気付けばそれは夜で、いつもの様に月を見上げていた。
銀色の長い髪がなびく。
切れ長の金色の瞳。
「…あなたは?」
かすれた声。
どれだけ声を出していなかったのか。
「…わからぬか?」
銀髪の青年は怪しく瞳を細めた。
「妖怪は人を食べないの?」
栄子は何度めかの訪問をする銀髪の妖狐にそう問いかけた。
そう彼はあの狐であった。
栄子がこの屋敷に連れられる時に前の屋敷に置いてきた狐。
「喰うやつもいる…。俺は基本食べる方の妖怪ではない。
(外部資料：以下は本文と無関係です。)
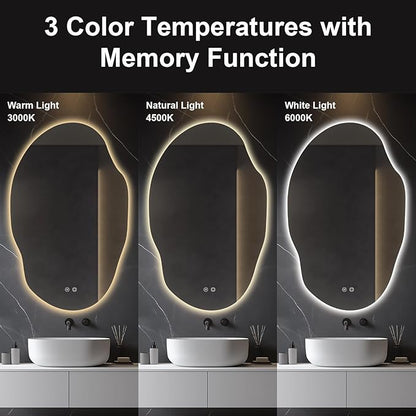 Asymmetrical LED Bathroom Mirror with Lights,Irregular Led Bathroom Vanity Mirror for Wall with Front and Backlit, Anti Fog, 3 Colors and Dimmable Light,[Horizontal/Vertical] 48" H x 30" W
」
「…いなり寿司とか?あぶらあげとかは食べる?」
「いなり寿司?あぶらあげ?なんだそれは。」
妖狐はたまに遊びに来る。
狐の恩返しのつもりなのだろうか…
以前手当てをしたから?
寂しい私を見かねて話相手になってくれているのだろうか。
そんな事はないだろう。
狐は恩を感じないと聞いたことがある。
それに…
誰がいてくれても、彼じゃないなら、意味がない。
栄子は妖狐と話しながらも、そんな事を考える。
いつの間にか秀忠は栄子にとってなくてならない存在となっていた。
それが死んでから気づくなど、人間とは本当に馬鹿だ。
栄子は自嘲気味に笑う。
栄子と妖狐が雑談する様を、侍女は部屋の隙間からみていた。